Seeing beyond the emotion and focusing a variety of concrete factors is the only way of possibly divining when such turns in asset markets occur?
Yes looking beyond emotion is crucial.
A weakening dollar combined with a global economic expansion outside of the US means that foreign buyers in the neighborhoods I want to buy in (Scripps, CV, 4S, etc.) make dramatic drops there less certain?
I can say with 100% confidence that dramatic drops in these areas have no bearing on foreign buyers. Drops in these areas is substantially dependent on employment. A layoff at Qualcomm, many engineering firms, and biotech firms will have more impact on these neighborhoods then the value of the dollar.
How many foreign buyers have you assisted in those areas that 1) have the money (even more if their wealth was from non-US $ assets) and 2) largely ignore many of the finer economic points we banter about here and just buy because the like it, the schools are good, and their friends live there???

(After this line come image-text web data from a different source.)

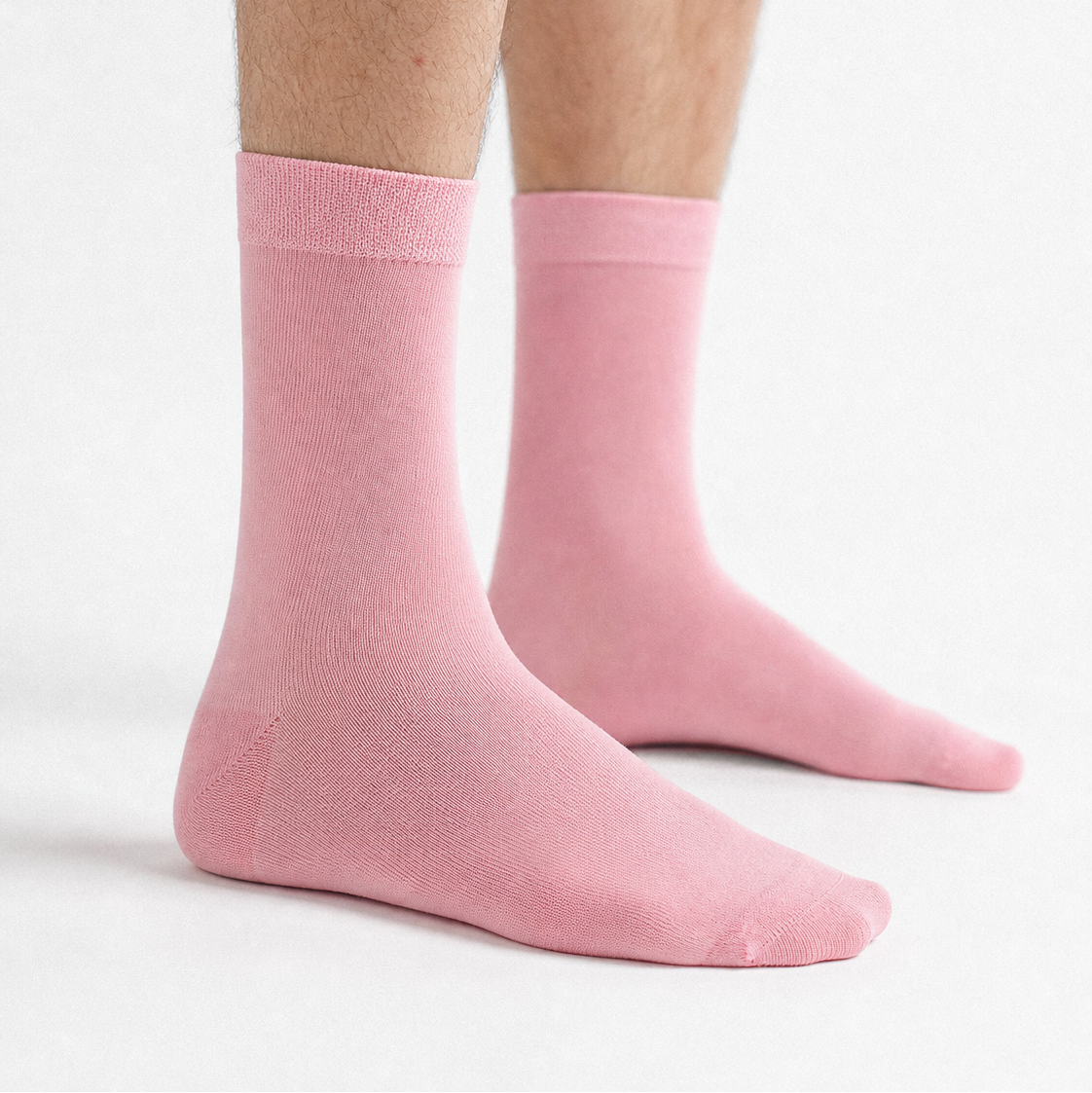 A pair of light pink crew socks worn on a person's feet, shown against a clean white studio background.
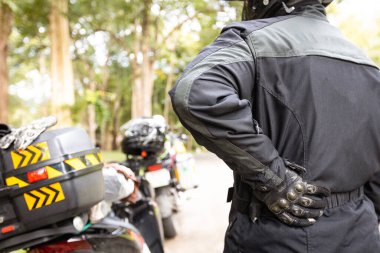 Sırt ağrısı çeken yorgun Asyalı bir adam, ağrılı, ağrılı, erkek binicinin uzun bir motosiklet yolculuğunun ardından sırt ağrısı ve ağrıları var, yanlış oturmaktan ya da uzun süre araba kullanmaktan akut sırt ağrısı çekiyor.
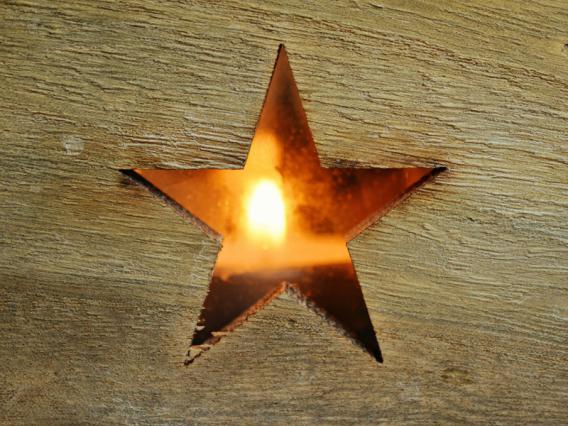 (c) pixabay Holzbrett mit ausgeschnittenem Stern und dahinter eine Kerze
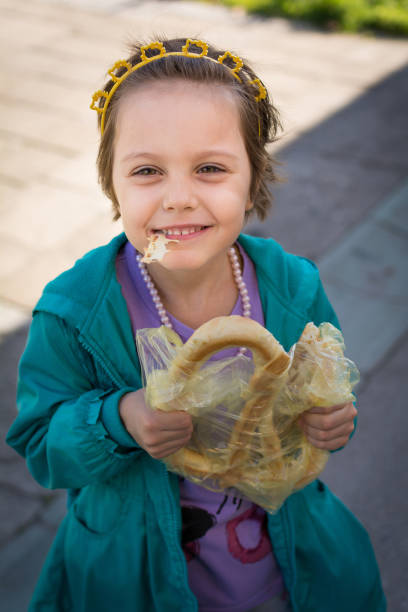 istock Eating pretzel outdoor 697302220
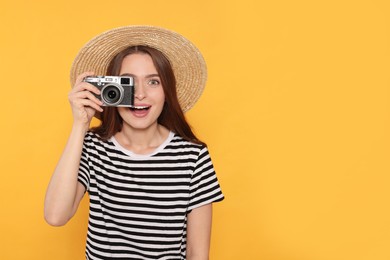 Young woman with camera taking photo on yellow background, space for text. Interesting hobby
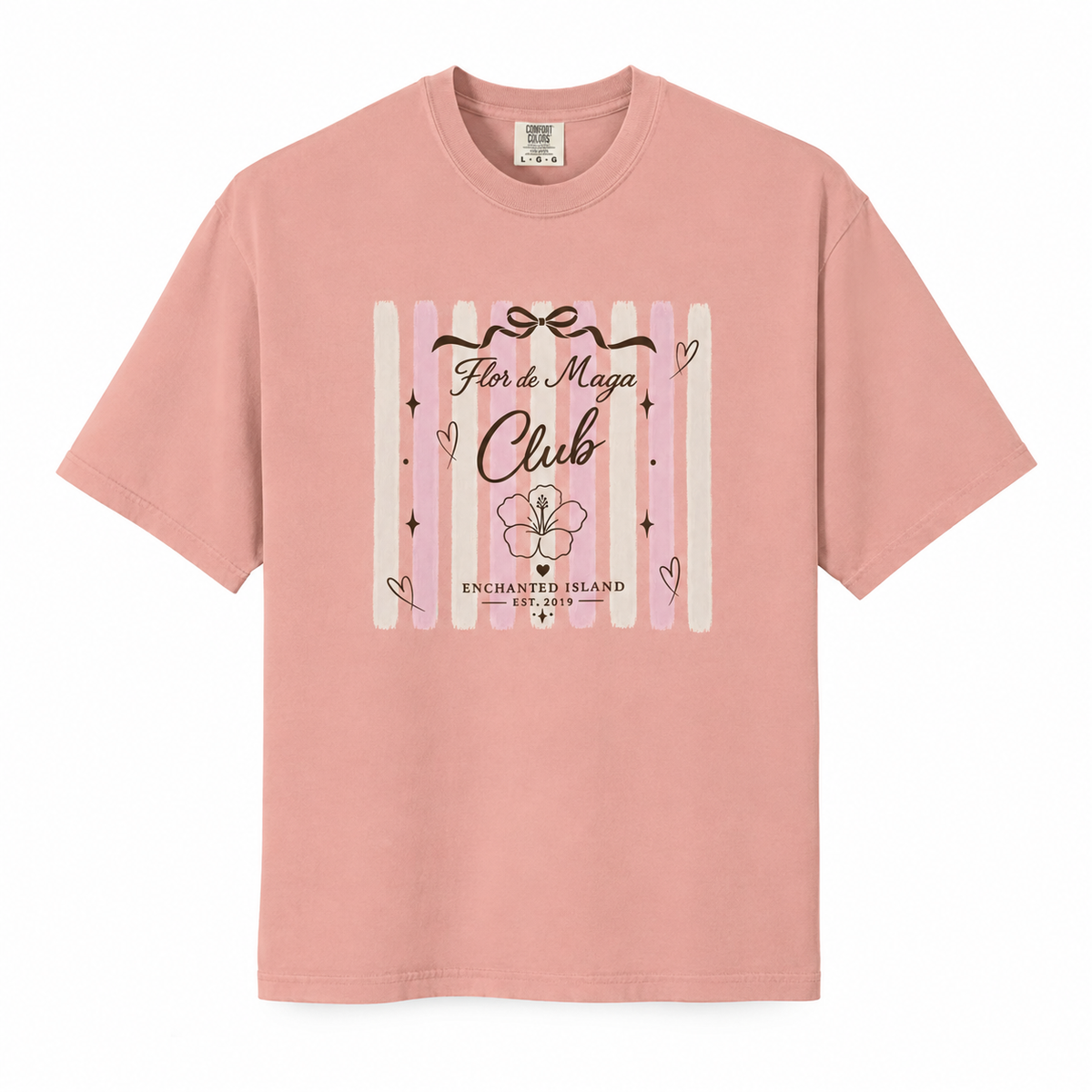A dusty pink short-sleeve t-shirt with a graphic on the front featuring vertical pastel stripes, a flower illustration, and the text 'Flor de Magia Club' and 'Enchanted Island'.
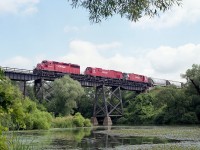 CP power as I used to enjoy it. A continual mixture.  Here, we have CP 5794 (SD40-2), 4742 (M-636) and 4230 (C-424) with train #507, a Toronto to Detroit daily that interchanged with CSX. I noted it was a nice day down by the old "swamp pond", but rather hot and humid.  This really lazy "river" looks so idyllic. 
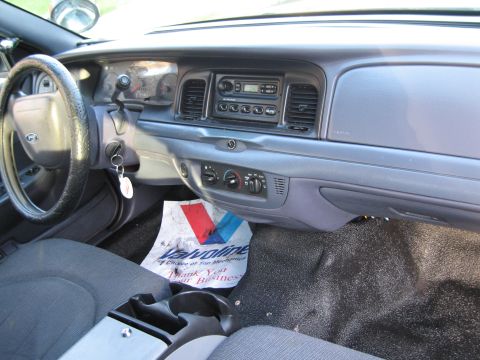 1991 Ford LTD Crown Victoria - The interior of a car, the dashboard, steering wheel, and a floor mat from Valvoline.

In fact none. Every buyer I have assisted in these areas have made their income and augmented their savings through gainful employment here in the United States.
Stabilizing inventory always occurs as a leading indicator before any RE cycle turn?
Yes but that may occur years before the bottom. I can honestly say that I have never ever seen pricing this far extended. It is WAY more extended then in the previous cycles. So if there is any indication of how this will play it, it is on the longer side of a depreciation cycle, not a shorter one. I think you are not considering cyclical inventory cycles as you seem to dismiss them with no thought at all.
What other indicators besides inventory are you considering? Do you think that is the only indicator you should follow? What other indicators to you point to us reaching the bottom of this cycle?